# Overall Bicycle Markup



## wardinside (Nov 7, 2003)

From time to time, I see posts on the markup structure on bicycles - shop prices, online prices, import prices etc.
Most seem to be from consumers; with some answers from retailers. Thus the overall picture is missed; as retailers only see their part of the channel

I think it is interesting though not much different than other industries, except that the information flow is more 'underground' in bicycles.

P&A markup is all over the place. But Bicycles as whole units do have a set 'rule of thumb' on pricing from FOB factory price to consumer list. It is 3 times. For example, a bike that leaves a factory at $500 will have a list price [msrp] of $1500.

This mutiple covers all duty, shipping, markups, and re-markups alone the way. Each step of course adds a percentage based on previous step's cost. So the retail markup applies to the factory cost, the duty, the shipping, the distriputor's markup [which in turn is on duty, shipping, etc]. So $10 of shipping is passed to retailer as $14.00 and then passed to customer as about $25. 

The math is simple but kinda fuzzy along the way; but the rule stays about the same - MSRP = 3 x factory FOB


----------



## Coolhand (Jul 28, 2002)

If correct (which I am doubtful based on my all my information), the real number in interest is wholesale actually. And the wholesale to retail margin is not *remotely* 3 times. Heck, if you are elligible for EP/Sponsored rider deals, you can get things at Manufacturer's cost- so it's not really much of a secret at all- especially if you read the trades like BRAIN, been to Interbike, worked in a shop ect. 
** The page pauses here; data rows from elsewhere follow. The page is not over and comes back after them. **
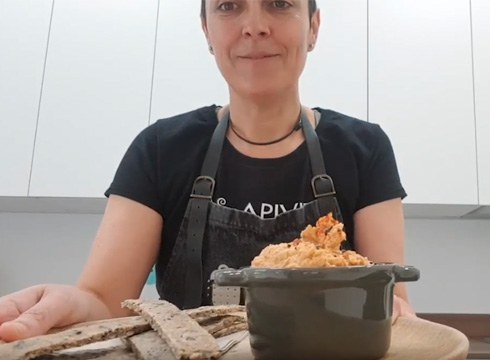 [BIDEOA] 8. errezeta: BISKOTEAK HUMMUSarekin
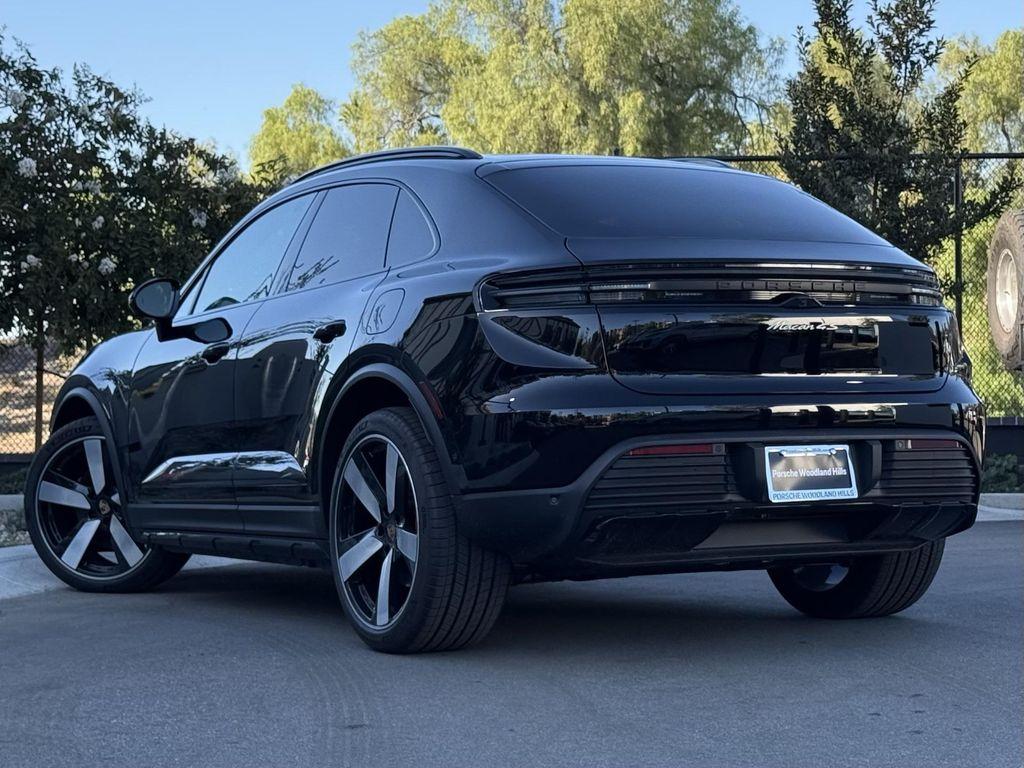 new 2025 Porsche Macan car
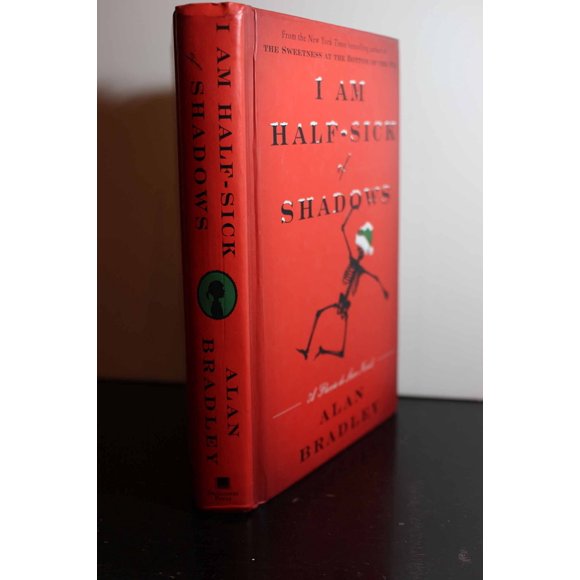 Libro de Delacorte Press – I Am Half‑Sick of Shadows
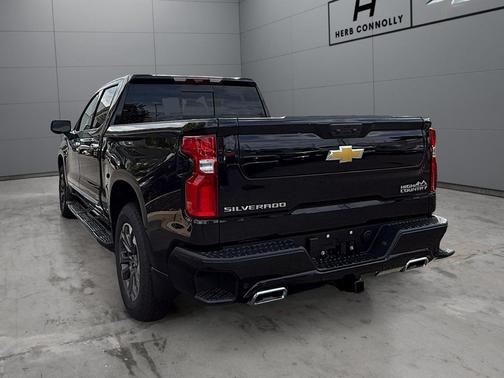Black 2026 Chevrolet Silverado 1500 High Country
No 300% margins on bikes. Actually, bike margins kind of suck honestly at the IBD market. Parts and accessories have much better margins, and they are only keystoned best case senario. Labor and repairs are the financial lifeblood of many shops.

So thank you, come again.


----------



## Midwestern Biker Dude (Sep 21, 2005)

*Doesn't seem that unreasonable*



wardinside said:


> The math is simple but kinda fuzzy along the way; but the rule stays about the same - MSRP = 3 x factory FOB


With computer based gadgets the manufacturing price is about 25% of MSRP. If you spec a slightly higher priced chip, say $1 more, floor price rises $4.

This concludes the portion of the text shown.